--- What to do ---
Among the entries below, only the lines from the one with "Family With Sequence" through the one with "Immunohistochemistry-Paraffin: CART/CARTPT Antibody" are wanted, reproduced exactly. Pictures are not wanted.

--- The input ---

● ● ● ● ● ● ●

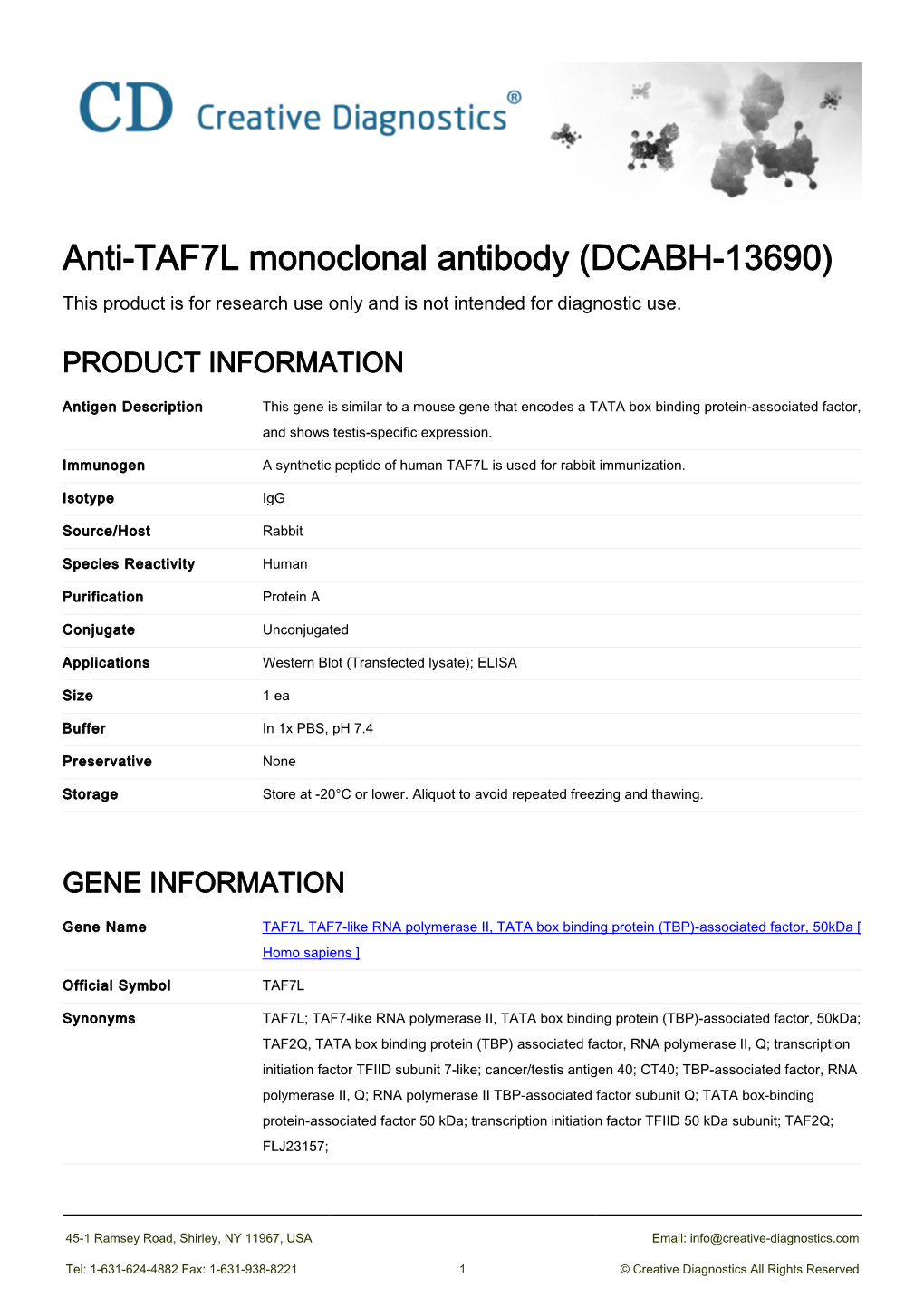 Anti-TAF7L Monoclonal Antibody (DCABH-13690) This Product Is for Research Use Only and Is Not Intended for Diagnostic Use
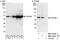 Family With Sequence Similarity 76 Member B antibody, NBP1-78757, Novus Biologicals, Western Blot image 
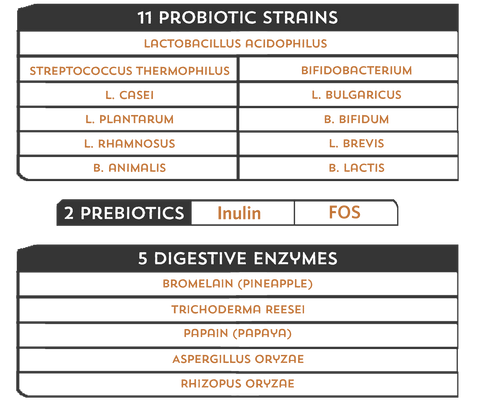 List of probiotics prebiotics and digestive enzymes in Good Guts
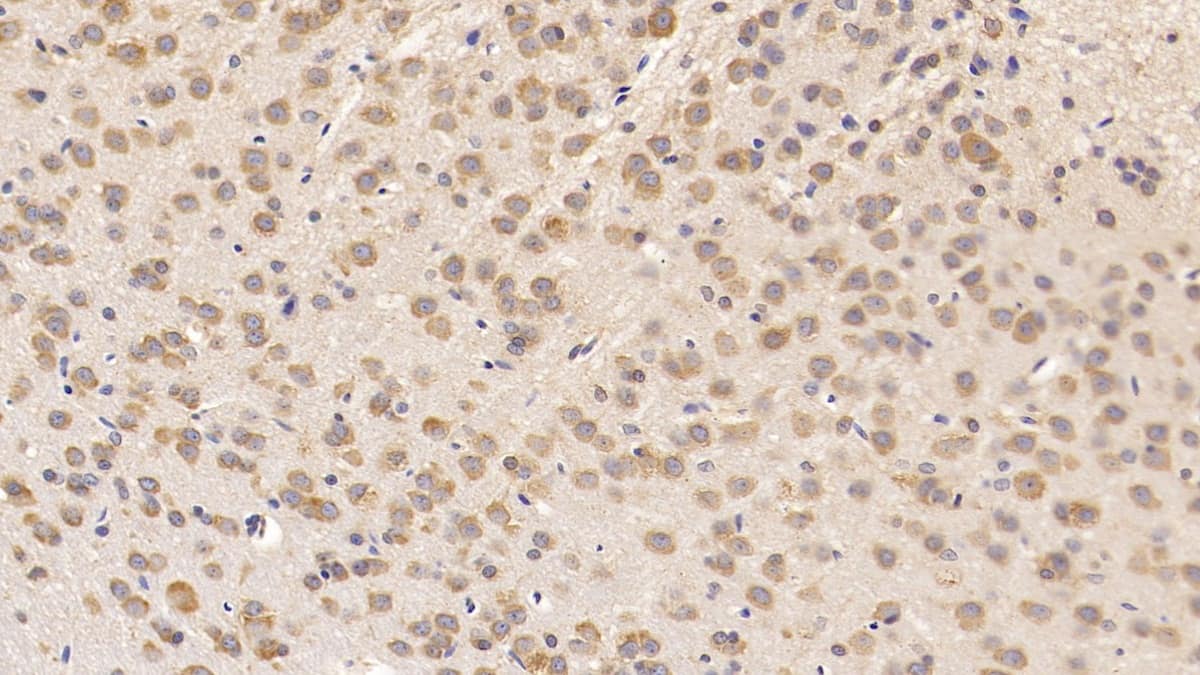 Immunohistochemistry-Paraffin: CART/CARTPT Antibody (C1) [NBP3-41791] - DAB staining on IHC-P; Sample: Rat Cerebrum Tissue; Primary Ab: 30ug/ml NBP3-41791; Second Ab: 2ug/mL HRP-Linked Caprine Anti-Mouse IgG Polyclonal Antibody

● ● ● ● ● ● ●

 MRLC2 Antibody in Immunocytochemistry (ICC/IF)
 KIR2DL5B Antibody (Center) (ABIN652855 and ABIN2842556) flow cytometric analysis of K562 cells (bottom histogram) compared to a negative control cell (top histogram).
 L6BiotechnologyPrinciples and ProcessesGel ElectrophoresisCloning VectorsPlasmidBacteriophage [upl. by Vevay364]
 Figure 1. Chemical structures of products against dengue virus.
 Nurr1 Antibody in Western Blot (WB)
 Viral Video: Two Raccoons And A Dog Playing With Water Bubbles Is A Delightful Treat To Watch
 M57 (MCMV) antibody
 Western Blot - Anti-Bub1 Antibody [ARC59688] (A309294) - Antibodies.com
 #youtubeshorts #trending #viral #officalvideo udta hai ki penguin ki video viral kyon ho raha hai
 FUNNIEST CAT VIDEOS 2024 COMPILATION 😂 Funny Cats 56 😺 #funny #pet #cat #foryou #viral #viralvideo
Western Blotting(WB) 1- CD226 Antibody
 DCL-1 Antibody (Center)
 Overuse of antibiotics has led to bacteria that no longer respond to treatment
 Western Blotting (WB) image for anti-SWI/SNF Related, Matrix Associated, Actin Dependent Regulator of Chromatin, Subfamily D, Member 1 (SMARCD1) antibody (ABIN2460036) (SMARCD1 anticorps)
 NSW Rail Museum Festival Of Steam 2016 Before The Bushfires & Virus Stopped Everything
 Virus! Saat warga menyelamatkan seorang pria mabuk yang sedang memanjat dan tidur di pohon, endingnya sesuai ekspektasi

● ● ● ● ● ● ●

--- Task answer ---
 Family With Sequence Similarity 76 Member B antibody, NBP1-78757, Novus Biologicals, Western Blot image 
 List of probiotics prebiotics and digestive enzymes in Good Guts
 Immunohistochemistry-Paraffin: CART/CARTPT Antibody (C1) [NBP3-41791] - DAB staining on IHC-P; Sample: Rat Cerebrum Tissue; Primary Ab: 30ug/ml NBP3-41791; Second Ab: 2ug/mL HRP-Linked Caprine Anti-Mouse IgG Polyclonal Antibody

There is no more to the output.